Ricardo, mi hermanito de seis años, con sus ojos grandes y curiosos, estaba parado junto a un coche viejo y polvoriento. Dentro, una pareja le sonreía, le ofrecían un dulce. En mi vida anterior, en la que acabo de morir, corrí hacia ellos gritando. Grité con todas mis fuerzas, llamando a mis padres. Me convertí en la heroína que salvó a su hermano de unos secuestradores.

Ricardo nunca me lo perdonó.

Toda su vida, cada fracaso, cada decepción, me la echó en cara. Culpó mis gritos de haberle robado un destino de riqueza y lujo. Creyó ciegamente que esa pareja eran millonarios que lo habían elegido. Esa creencia lo consumió hasta que decidió que mi vida era el precio justo por la que él nunca tuvo.
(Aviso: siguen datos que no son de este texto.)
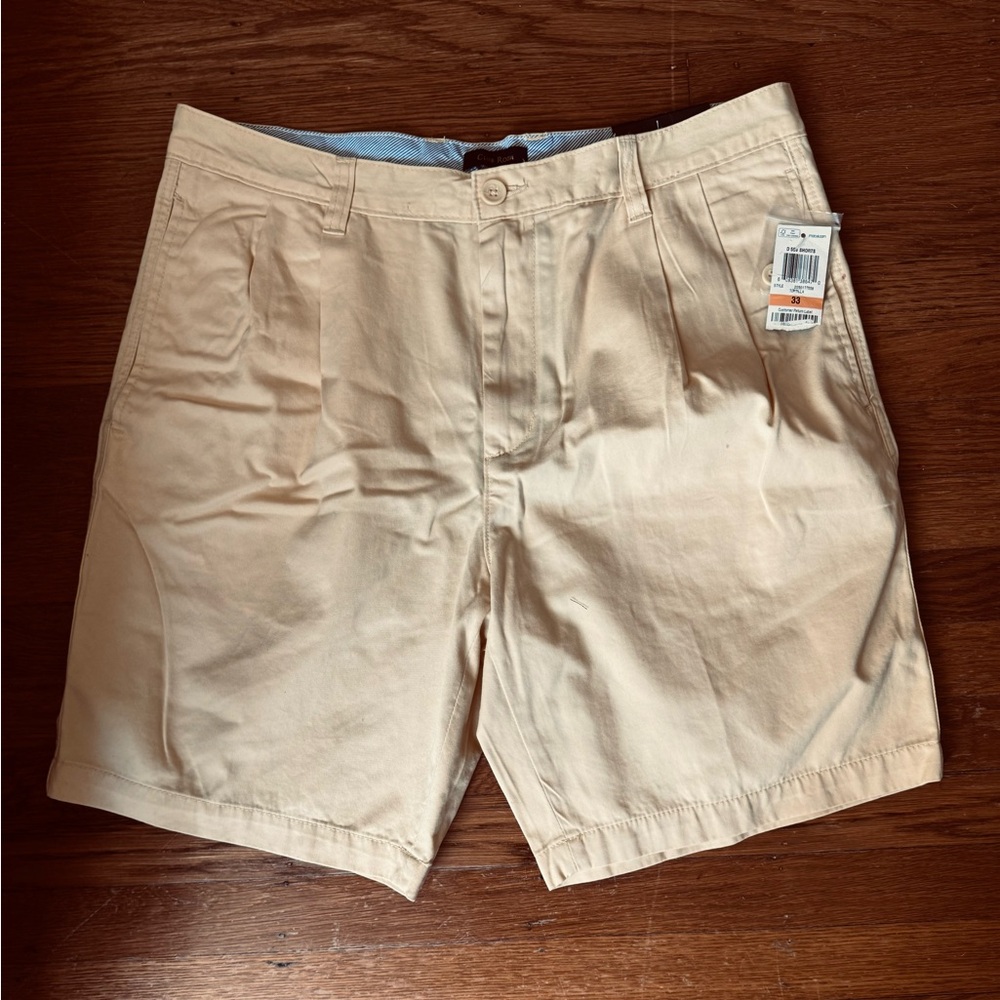 NWT Club Room Men’s Tortilla Chino Shorts - Size 33 - Classic Fit 100% Cotton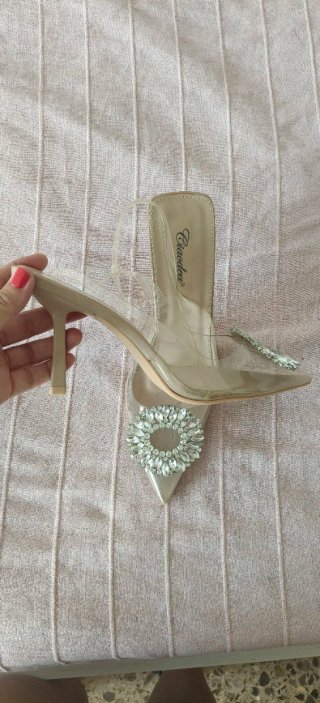Zapatos Ciaodea destalonados transparentes con ped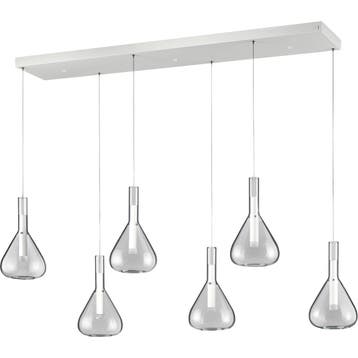 LED Hanglamp - Cinque Cipera - 6 Lichtpunten van 5.6 Watt -, Huis en Inrichting, Ophalen of Verzenden, Nieuw, Metaal, Overige fittingen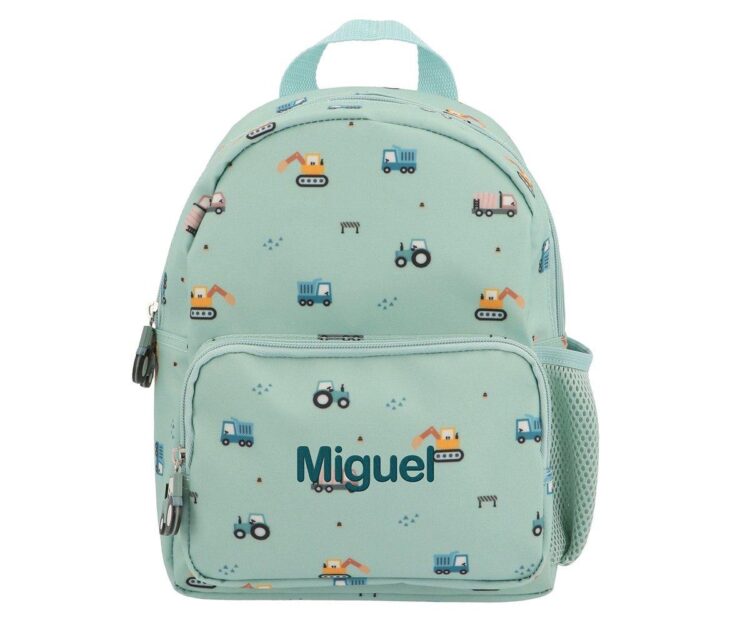 Mochila Infantil Trucks Personalizable - Imagen 6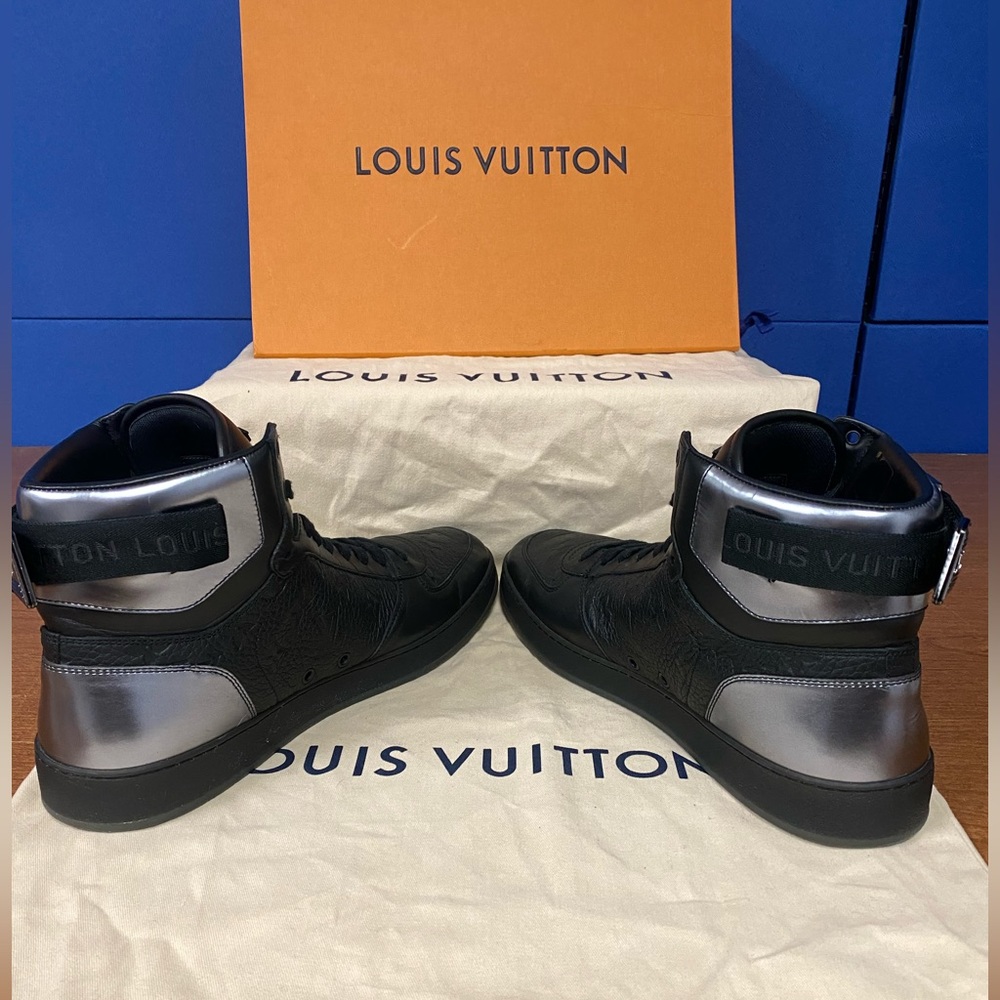 Louis Vuitton” Rivoli “high top sneaker boot - Picture 2 of 12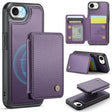 For iPhone 16e JEEHOOD J05 Business Magnetic Style RFID Leather Phone Case(Purple) - free shipping - PMc TechLife - Order now!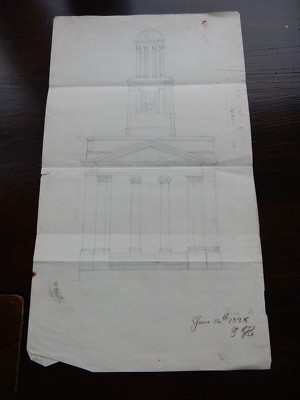 SKIZZE IRISCHER ARCHITEKT 1828 ERA Ebenezer Hastings, Mount St Belfast BT6 8DA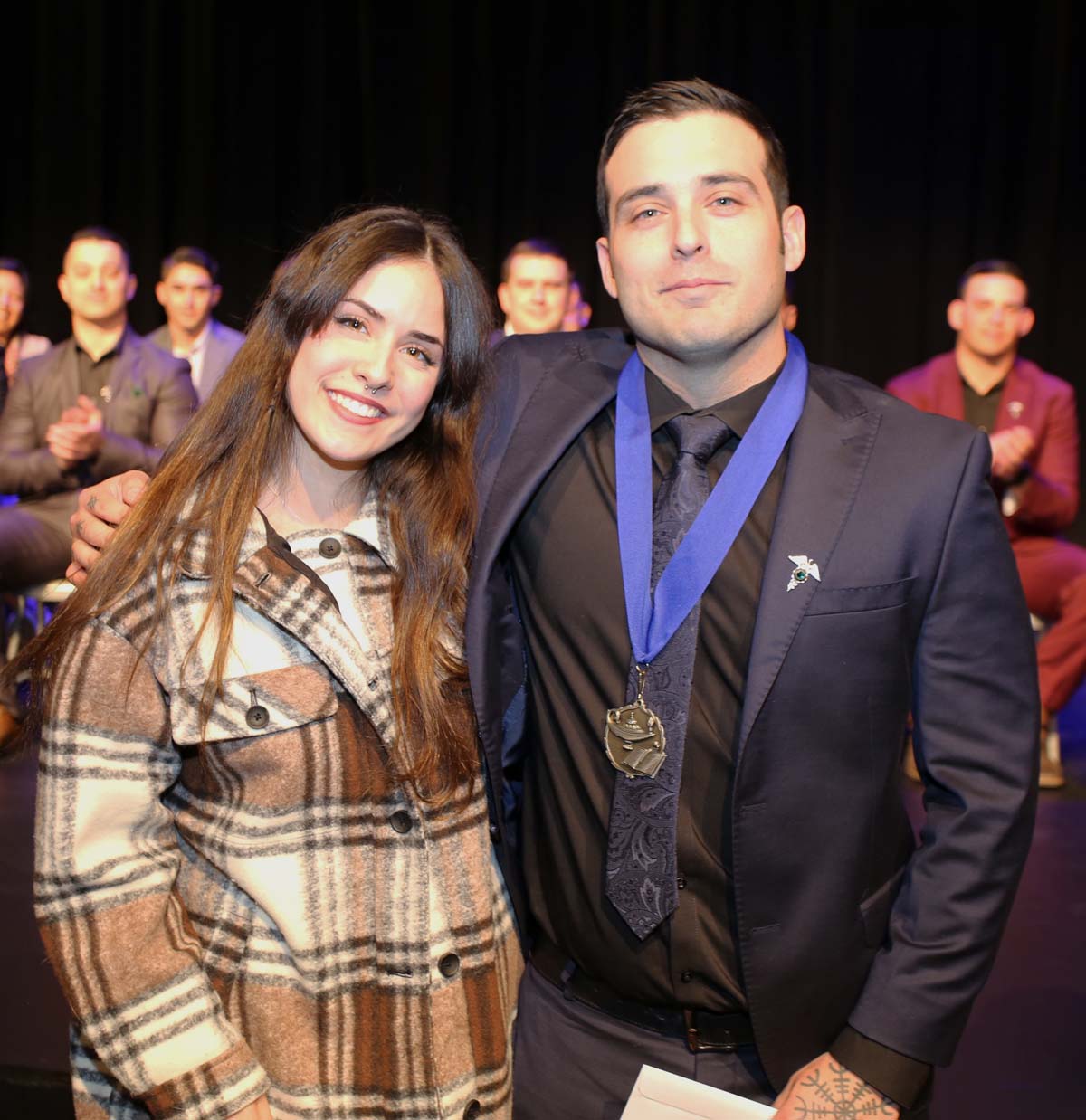 People attending the Paramedic Graduation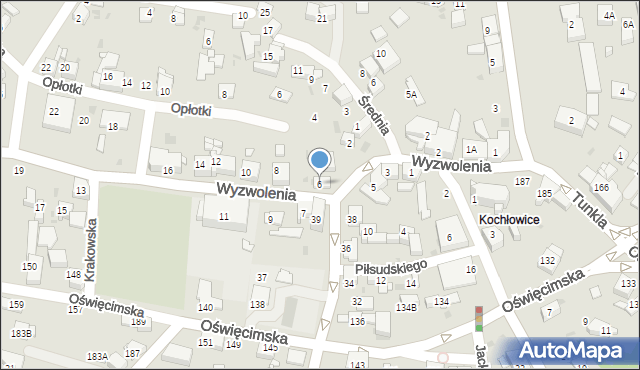 Ruda Śląska, Wyzwolenia, 6, mapa Rudy Śląskiej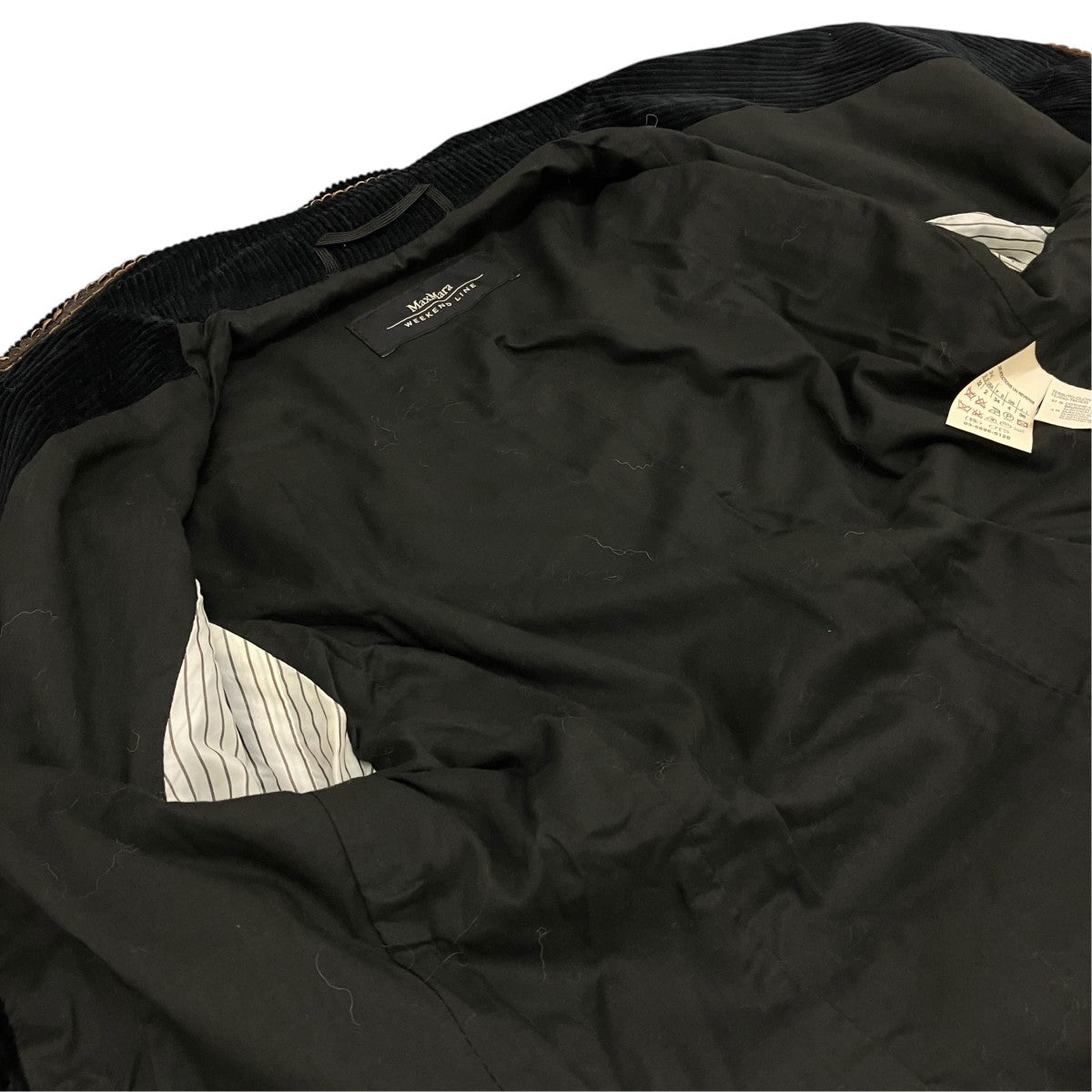 MAX MARA WEEK END LINE コーデュロイテーラードジャケット 古着・中古-6枚目のアイテム画像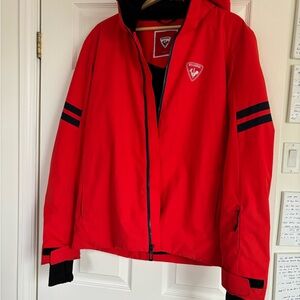 Rossignol Red and Black Ski Jacket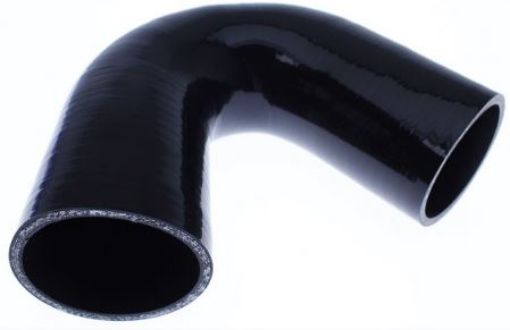 Bild von 135 Grad Silikonbiegung - Schwarz - 1,75" / 45mm.
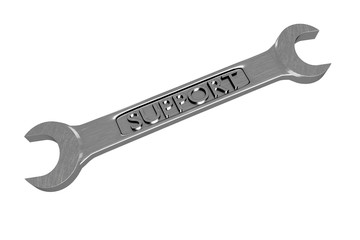 Wrench with inscription SUPPORT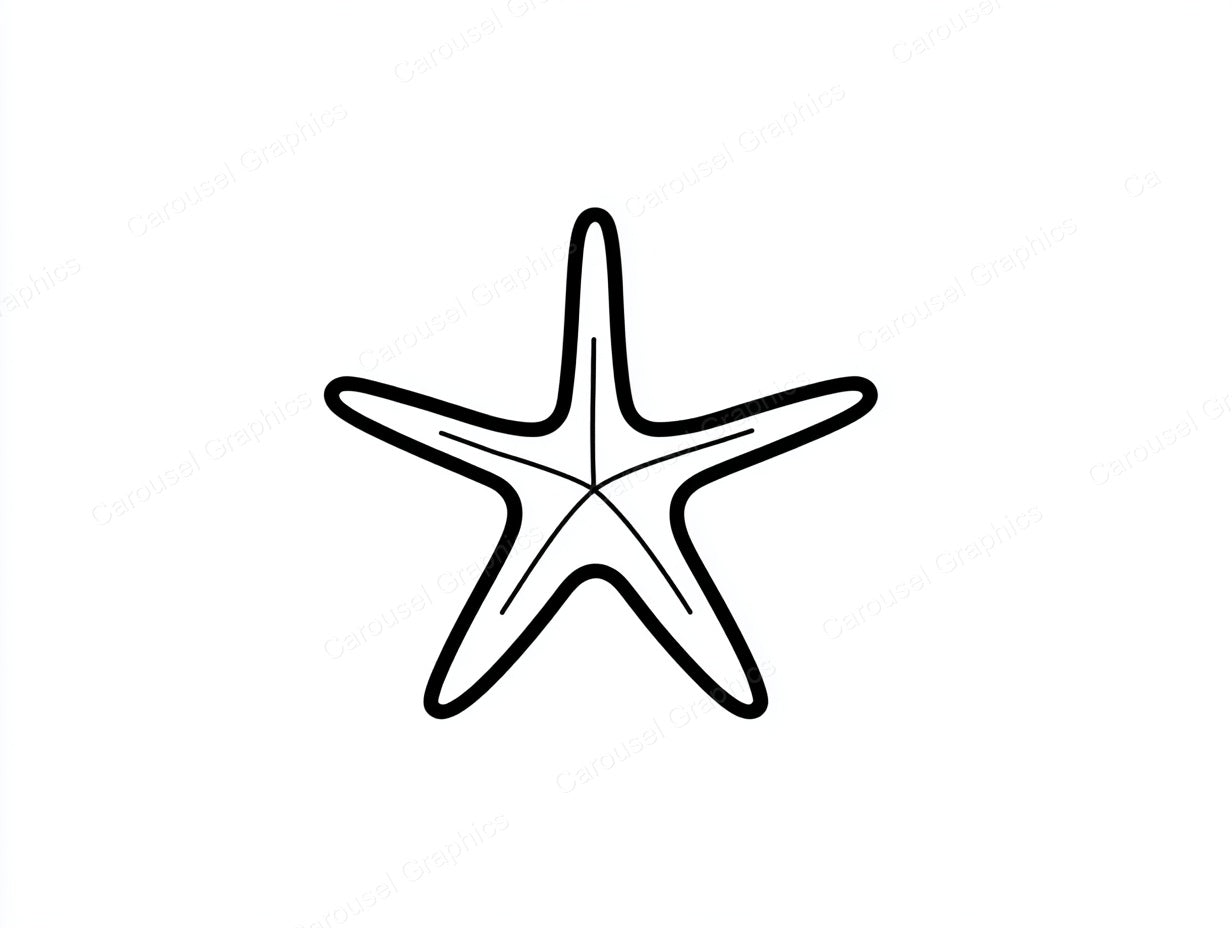 Starfish Vector Graphic preview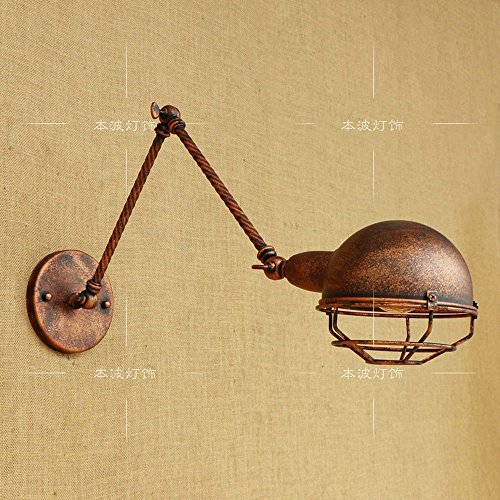 Preisvergleich Produktbild Xspwxn Wandleuchte Einfache Eisen Handwerk Mechanische Arm Verstellbare Wand Sconce Hohe Helligkeit E27 Lichtquelle Retro Industrial Theme Café Loft Korridor Single Head Dekorative Wandleuchte ( Size : 20+20 )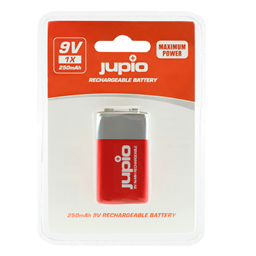 Picture of Jupio Rechargeable Battery 9V 250mAh 1 pc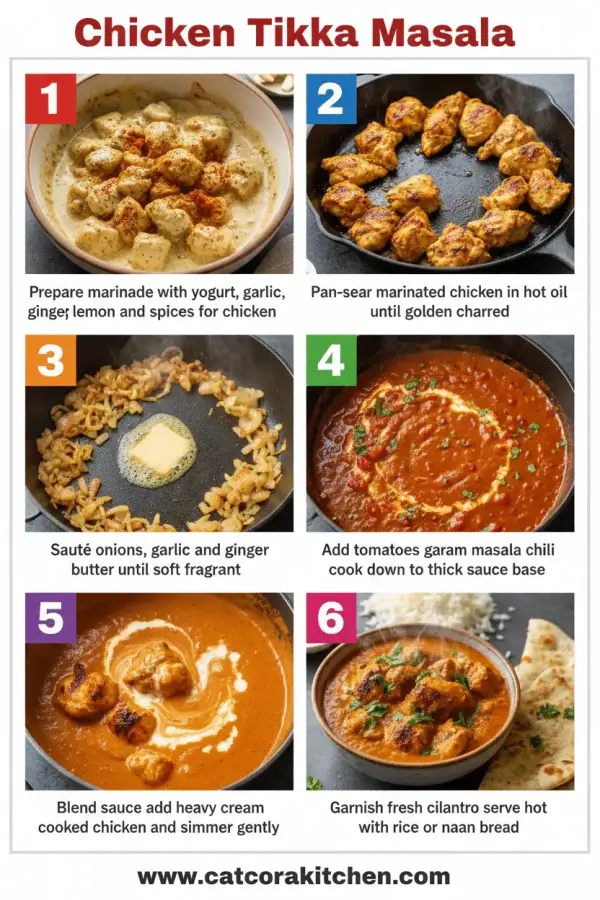 Chicken tikka masala how to make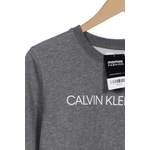 Sweatshirt von Calvin Klein Jeans, in der Farbe Grau, aus Baumwolle, andere Perspektive, Vorschaubild
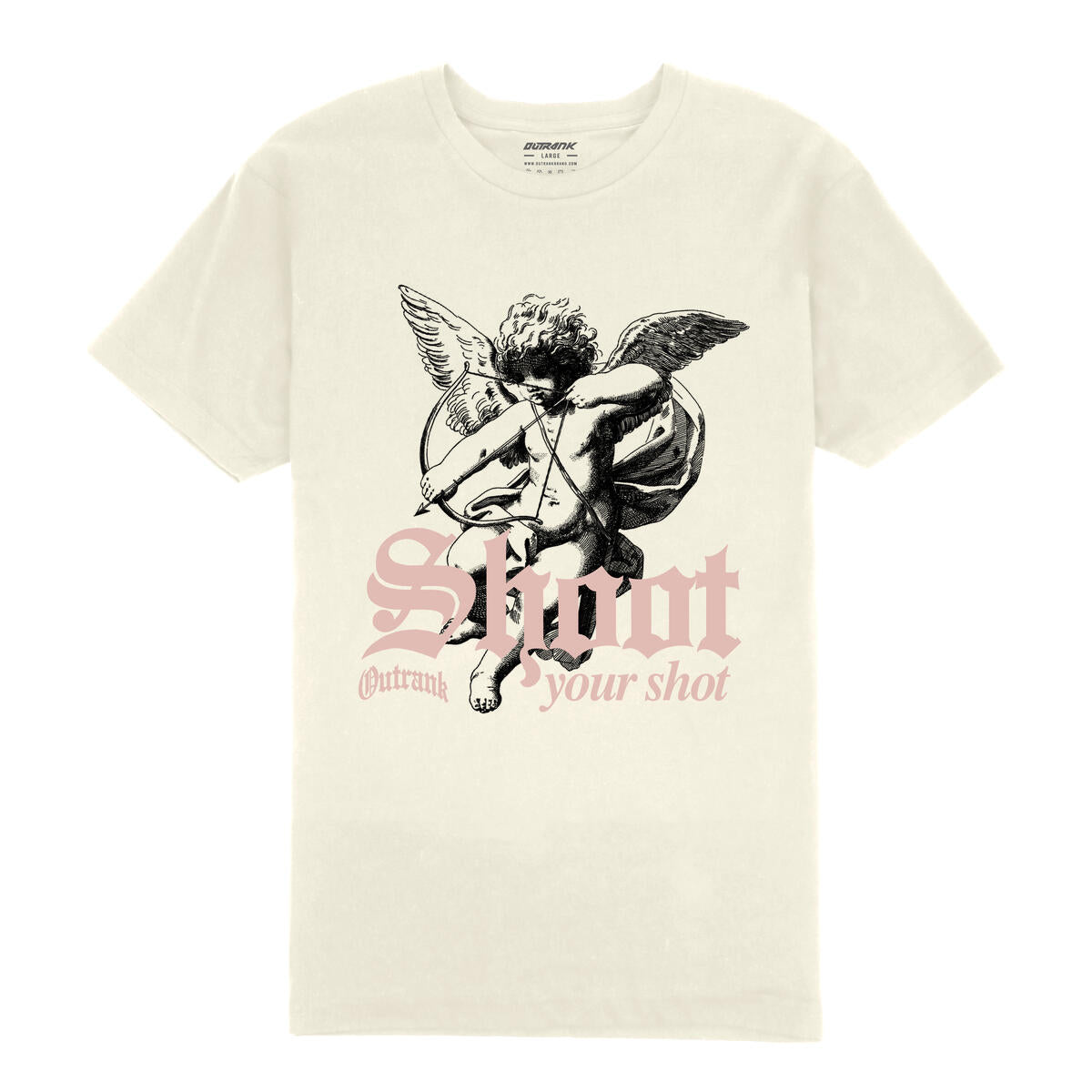 Outrank Shoot Your Shot T-shirt (Vintage White/Pink)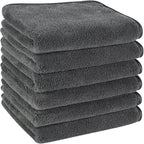 KinHwa Microfiber Hand Towels for Bathroom Soft and Absorbent Face Towels Grey by KinHwa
Pero ahora, aquí estaba yo. Con ocho años y el alma de una mujer de cuarenta que había sido asesinada por su propio hermano.

Lo vi. Vi a Ricardo sonreírle a la pareja. Vi cómo aceptaba el dulce y se asomaba por la ventana del coche. La mujer le dijo algo, y él asintió con entusiasmo, mirando el interior del vehículo como si fuera un palacio.

Mi instinto, el de la hermana mayor, me gritaba que corriera, que gritara, que lo salvara de nuevo.

Pero la mujer envenenada dentro de mí, la mujer que murió sola y traicionada, me susurró otra cosa.

Justicia. Venganza.

Ricardo creía que ese era su camino a la grandeza. Pues que lo tomara. Que descubriera por sí mismo el sabor de su anhelado destino.

Me quedé quieta. Observé cómo la puerta del coche se abría. Ricardo, sin dudarlo un segundo, se subió. No miró atrás. No me buscó. Ya se había olvidado de mí, de nuestros padres, de nuestra humilde vida. Ya estaba soñando con su mansión y sus juguetes caros.

La puerta se cerró con un sonido sordo.

Una parte de mí, la niña, sintió un vacío en el estómago.

Pero la mujer, la víctima, sintió una calma helada.

Esta vez no habría gritos. No habría heroína.

Di media vuelta, dándole la espalda al coche que arrancaba lentamente, levantando una nube de polvo en el camino de tierra. Empecé a caminar de regreso a la pequeña posada donde nos quedábamos, ensayando mi cara de pánico, preparando las lágrimas que tendría que fingir.

Ricardo había elegido su destino en la vida pasada, y lo eligió de nuevo en esta.

Yo, por mi parte, acababa de elegir el mío. Y en este nuevo camino, no había lugar para la misericordia.